Ein weiterer und abschließender Lichtblick war das Streamingkonzert von „Mrs. Greenbird“. Diese beiden lieben Menschen, die Musik mit und aus dem Herzen machen, sind einfach ein Geschenk für mich.

5 Gedanken zu „Inventur 2020

  1. Ein trostvoller Rückblick, denn du hast es geschafft, mir wieder ein wenig Optimismus zu schenken. Kaum zu glauben, dass diese Pandemie schon fast ein Jahr dauert und niemand weiß, wie lange noch. Immer mehr stecken den Kopf in den Sand, anstatt wie du die kleinen positiven Momente zu betonen.
    Danke, dass du mich dazu wieder aufmunterst (bin gerade sehr in Sorge um meine 86jähr. Mutter, da ist es mit Optimismus nicht so einfach …) .

    Liebe Grüße!!!

  2. „Wenn nichts mehr geht, dann geh.“ – das ist ein grundsatz, den ich mir merken werde, das stimmt wohl wirklich. ein sehr schöner jahresrückblick. es ist schon spannend, wie menschen dieses jahr erlebt haben. für viele war es einfach nur schrecklich, geprägt von einschränkungen und existenzangst, andere haben irgendwie möglichkeiten gewonnen, mehr über sich selbst zu lernen und konnten doch auch was gutes draus mitnehmen. schön, dass es dir zumindest am ende auch so ging. hoffen wir trotzdem, dass das neue jahr wieder von mehr möglichkeiten geprägt sein wird…

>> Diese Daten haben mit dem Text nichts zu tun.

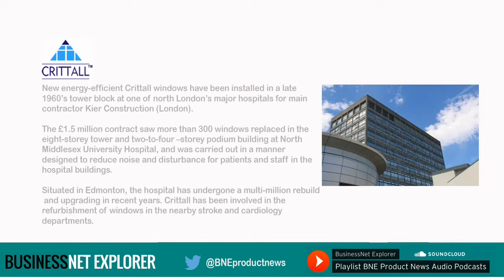New energy-efficient Crittle windows have been installed in a late 1960s tower block at one of North London's major hospitals for main contractor Keir Construction London. The £1.5 million contract saw more than 300 windows replaced in the eight-storey tower and two-to-four-storey podium building at North Middlesex University Hospital, and was carried out in a manner designed to reduce noise and disturbance for patients and staff in the hospital buildings.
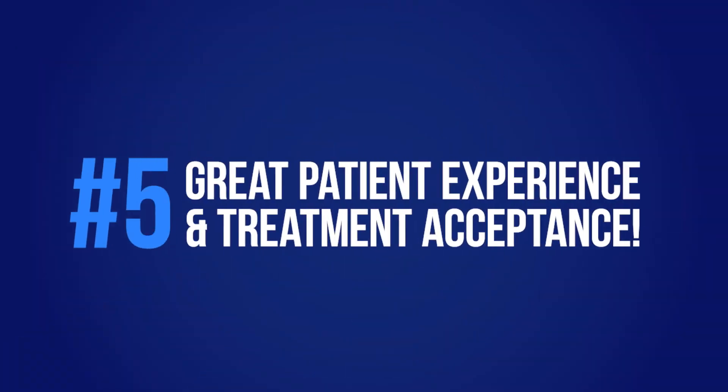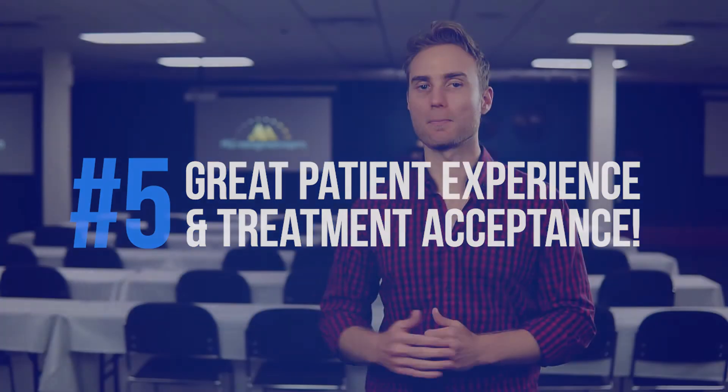Number five: give your patients a fantastic experience and get them to accept and complete their treatment plans. I know it doesn't seem like marketing, but think about this — happy patients who are actually doing the treatment they need and getting results are going to bring in their friends and family. They're going to leave online reviews, talk about you, and follow you on social media. If your patients are only doing single-tooth dentistry or only what their insurance covers, they're not going to be excited about referring others. You want fantastic customer service so patients want to come back and bring their friends and family in.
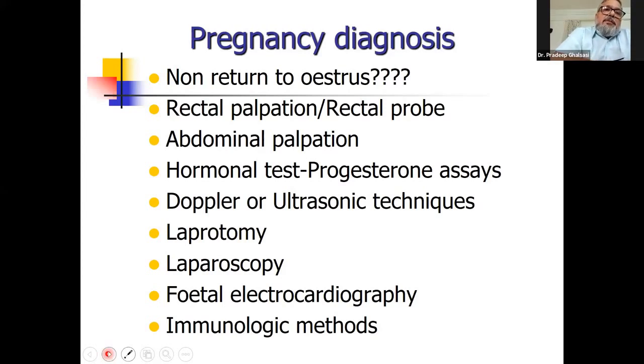With the abdominal palpation technique, you cannot detect the fetus for almost three months, so it can only be used after three months of pregnancy. Then there are hormonal tests where progesterone assays are done, which I will talk about in later slides. There is also the Doppler or ultrasonic technique.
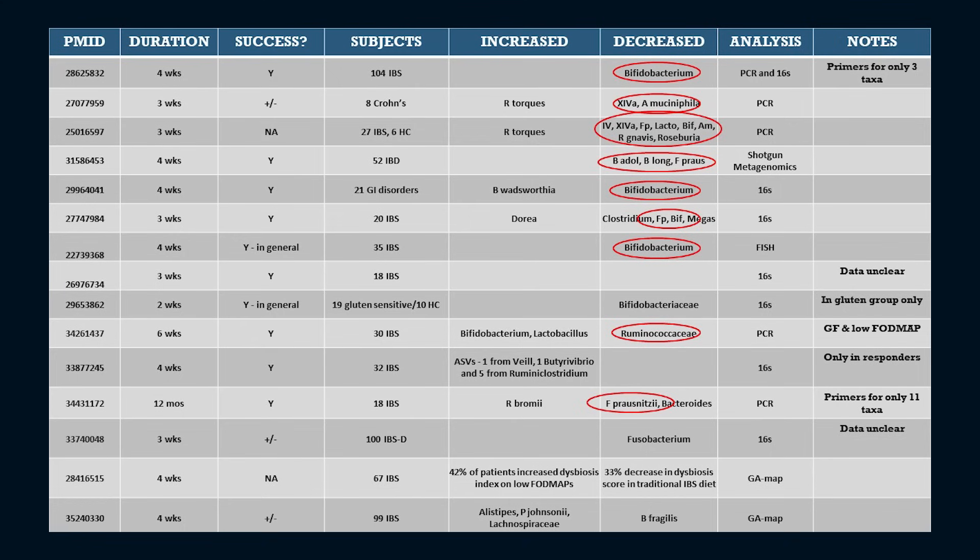Here are all of the published studies I could find which analyzed the microbiome changes in the low FODMAPS diet. As you can see in the Decreased column, bifidobacterium and F. prausnitzii come up frequently. F. prausnitzii is within the family Ruminococcaceae, so when you see a significant decrease in this family — also known as Clostridium Cluster 4 — a great many health-promoting taxa have been reduced. Also problematic is a reduction in Lachnospiraceae, the other main family full of health-promoting taxa such as E. rectale and Anaerostipes.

  3. Eine Bekannte von mir schreibt im Laufe eines Jahres alles Gute und Schöne auf kleine Zettel und sammelt diese in einem Behälter. Am Jahresende kann sie all die guten Momente noch einmal wachrufen. Meine Freundin macht es ähnlich, sie schreibt alles auf und erinnert sich dann an die glücklichen Momente.
    Hoffen wir, dass das neue Jahr viele glückliche Momente für uns alle bereit hält.
    Liebe Grüße von Kerstin.

  4. Wenigstens konntest du Weihnachten mit deinen Kindern feiern, was bei uns nicht möglich war. Somit waren mein Mann und ich allein.
    Jetzt wird es noch härter, aber kleine Touren mit Kaffee, Kuchen und Leckereien sind auch schön. Bei schlechtem Wetter wird dann im Auto geschmaust.
    Die älteste meiner Tochter hätte 2020 im April konfirmiert werden sollen, ist auf dieses Jahr März verschoben und ich glaube, dass es wieder nicht klappt.
    Aber keine Verzweiflung, mir tun die Kinder leid.